たいていの場合、故郷とは僕にとって形式的なものでした。
一週間ほど前、祖父が他界したのですが。
「ああ、この祖父でも死ぬのだな」 という思いでした。 毎日半升近くの酒を飲み、色んな場所に顔を出し、やりたいことを楽しくやり、
帰省して既に棺桶に納められた祖父の顔は、たまたま帰省して話をした3日前と同じ顔でした。
突然のことで、父親や叔父たちも押し流されるように葬儀の準備に動かされ、わずかながら自分もそれを手伝い、何だかよくわからない出来事を何だかよくわからず処理していきました。
祖父だったものが家を出るときになってはたと、もうこの家に帰ってきたとき祖父はここに居ないのだと気づきました。 その喪失感を堪えきれず涙を流しました。 自分の過去に連なり、しかしどこもかしこも抜け落ちた空洞ばかりのもの。
祖父の思い出はこれ以上積み重ねることができない、ここで積み終わりだと気づきました。 退屈であったはずの形式的な日々はもうやってこない。
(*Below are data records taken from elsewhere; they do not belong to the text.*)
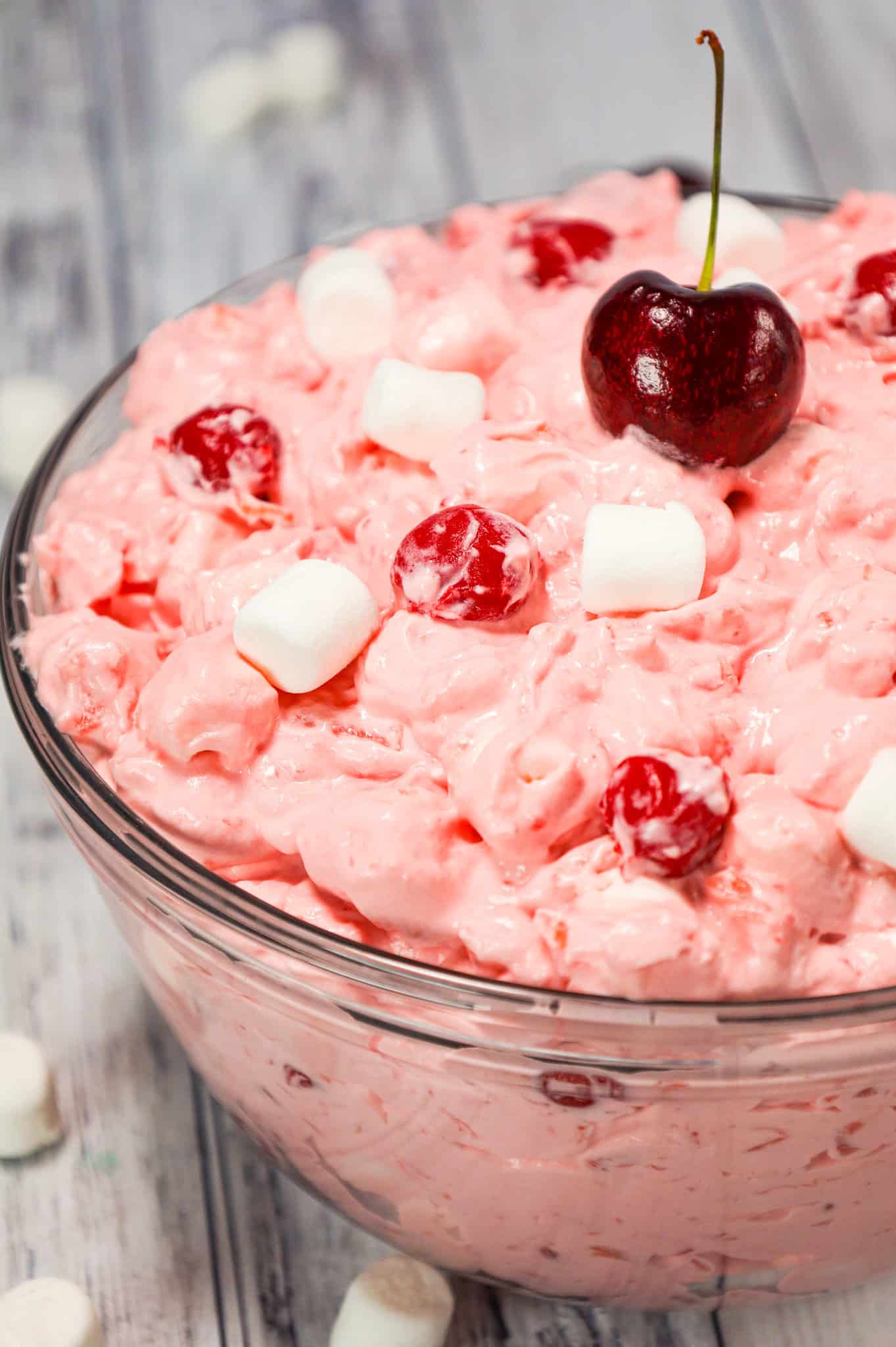 Cherry Fluff is an easy no bake dessert or side dish recipe made with cherry pie filling, crushed pineapple, instant vanilla pudding mix and Cool Whip and loaded with mini marshmallows.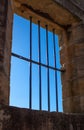 Old sandstone gaol cell jail cell with one missing window bar against blue sky Royalty Free Stock Photo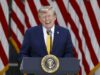 EE. UU. planea cobrar una nueva tarifa de 100.000 dólares para visas H-1B Donald Trump sonriendo en un podio presidencial ante banderas de EE. UU. respecto a las tarifas de visas H-1B.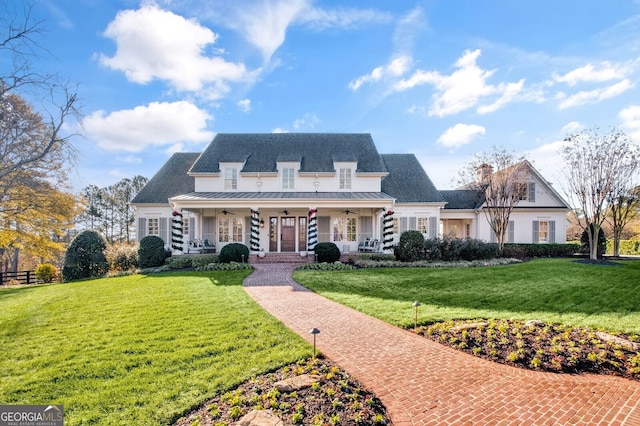 new england style home featuring a front lawn and ceiling fan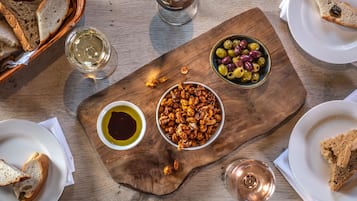 Una mesa de madera con diversos alimentos, como pan, aceitunas y frutos secos, junto con copas de vino.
非常に身勝手であるのですがそれはどんなにか悲しいことか。
人の死を悼むということは、 その人がいなくなったことを悲しむということは、
僕にとって、この形式的なものが故郷であったことは驚きでした。 田舎の祖父に会うということは、僕にとっては面倒だと思っていたことで、そして祖父は当たり前のものであるということであって、そして今では当たり前のことであったはずのものなのです。
ふるさととは、自分の元であり、自分の考え方や在り方の基礎となるものでしょう。 祖父は僕にとって形式的なものでありました。いわば些事でした。 しかし、今祖父は間違いなく僕のふるさとです。 小学五年生のときに遊びに行った下級生の家には、お婆ちゃんがこたつに入っていました。 これは極めて些事でした。どうでもいいことです。 しかし、これもふるさとの一部です。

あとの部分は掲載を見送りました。